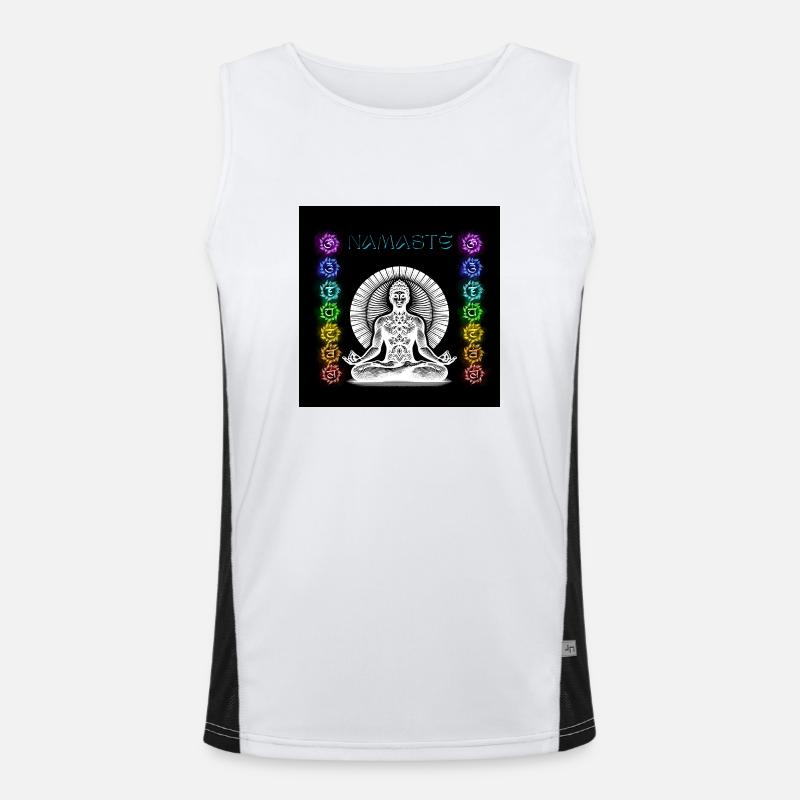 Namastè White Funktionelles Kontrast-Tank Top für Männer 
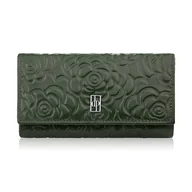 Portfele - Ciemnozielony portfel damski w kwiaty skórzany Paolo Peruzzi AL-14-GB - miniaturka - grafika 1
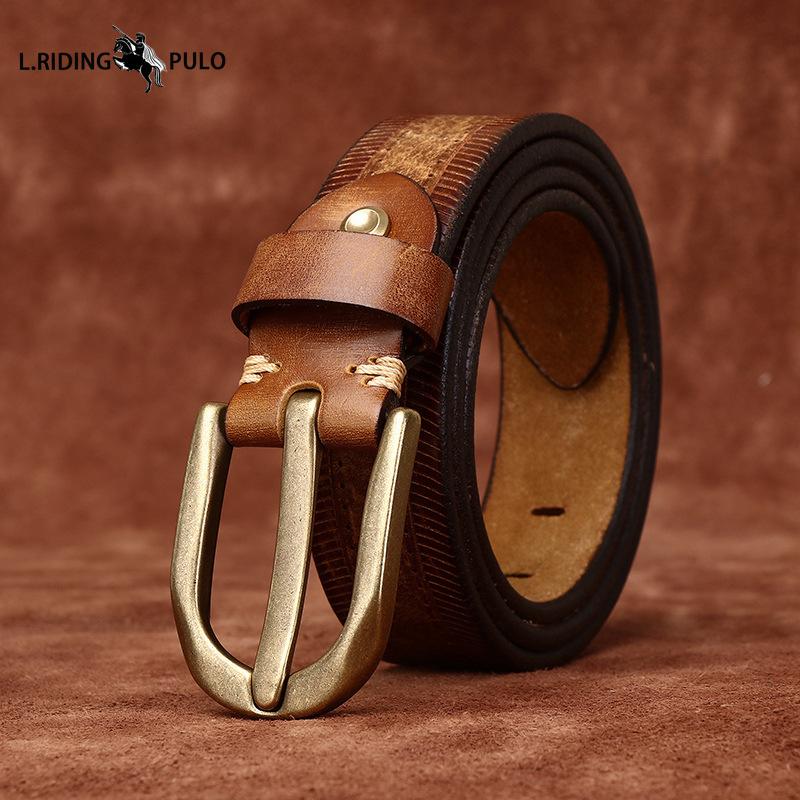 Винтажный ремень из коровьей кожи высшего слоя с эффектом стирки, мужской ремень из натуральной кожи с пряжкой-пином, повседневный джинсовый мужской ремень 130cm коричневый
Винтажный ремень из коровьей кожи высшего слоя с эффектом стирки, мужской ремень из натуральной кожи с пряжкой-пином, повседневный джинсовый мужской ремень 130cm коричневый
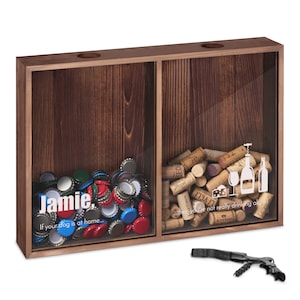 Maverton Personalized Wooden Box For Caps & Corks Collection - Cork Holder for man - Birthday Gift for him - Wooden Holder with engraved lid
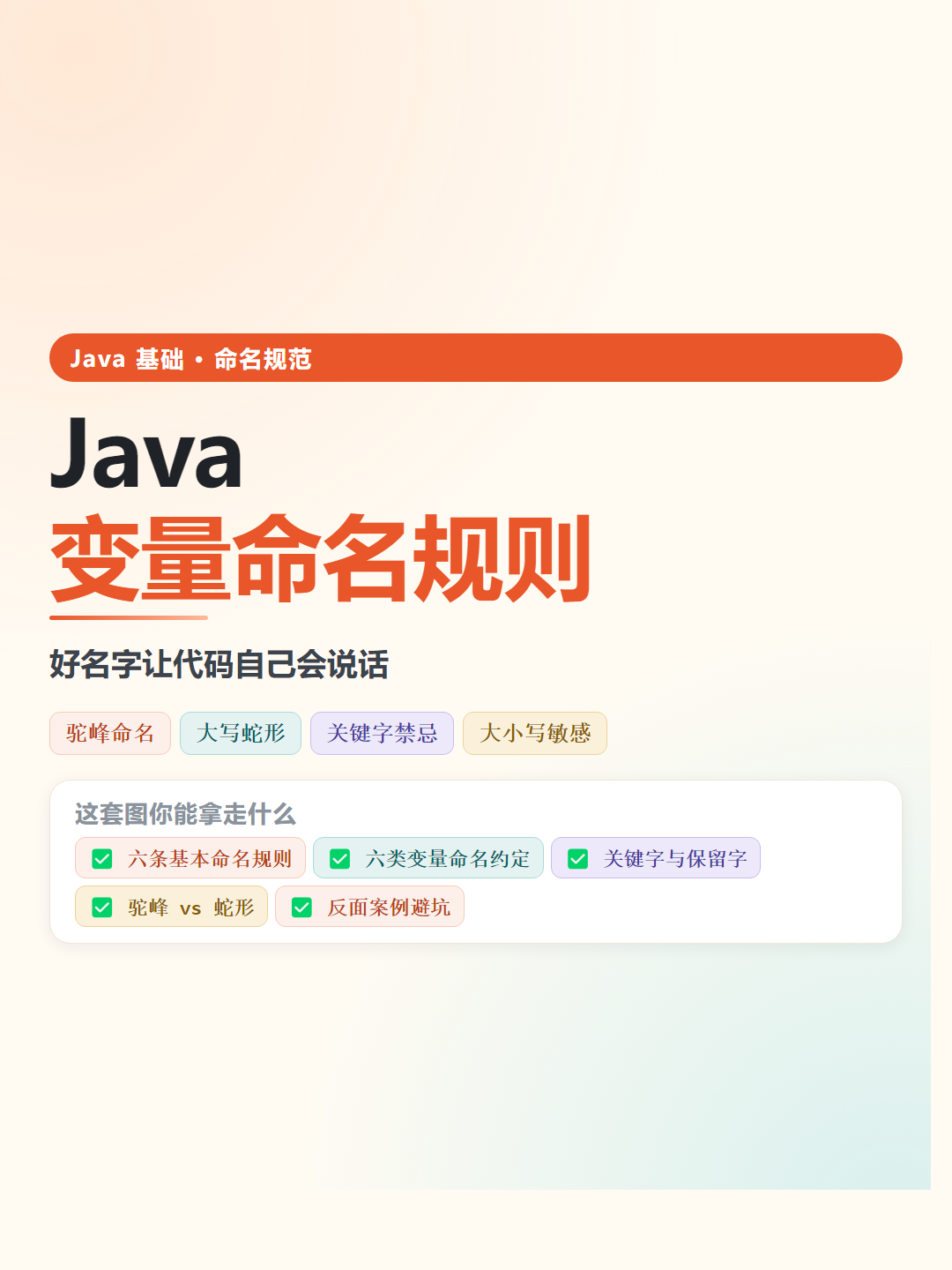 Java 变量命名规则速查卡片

◆ Task goal ◆
Leaving out the pictures, print every record exactly as written.

◆ Solution to the exercise ◆
 Namastè White Funktionelles Kontrast-Tank Top für Männer 
 Portfele - Ciemnozielony portfel damski w kwiaty skórzany Paolo Peruzzi AL-14-GB - miniaturka - grafika 1
 Винтажный ремень из коровьей кожи высшего слоя с эффектом стирки, мужской ремень из натуральной кожи с пряжкой-пином, повседневный джинсовый мужской ремень 130cm коричневый
Винтажный ремень из коровьей кожи высшего слоя с эффектом стирки, мужской ремень из натуральной кожи с пряжкой-пином, повседневный джинсовый мужской ремень 130cm коричневый
 Maverton Personalized Wooden Box For Caps & Corks Collection - Cork Holder for man - Birthday Gift for him - Wooden Holder with engraved lid
 Java 变量命名规则速查卡片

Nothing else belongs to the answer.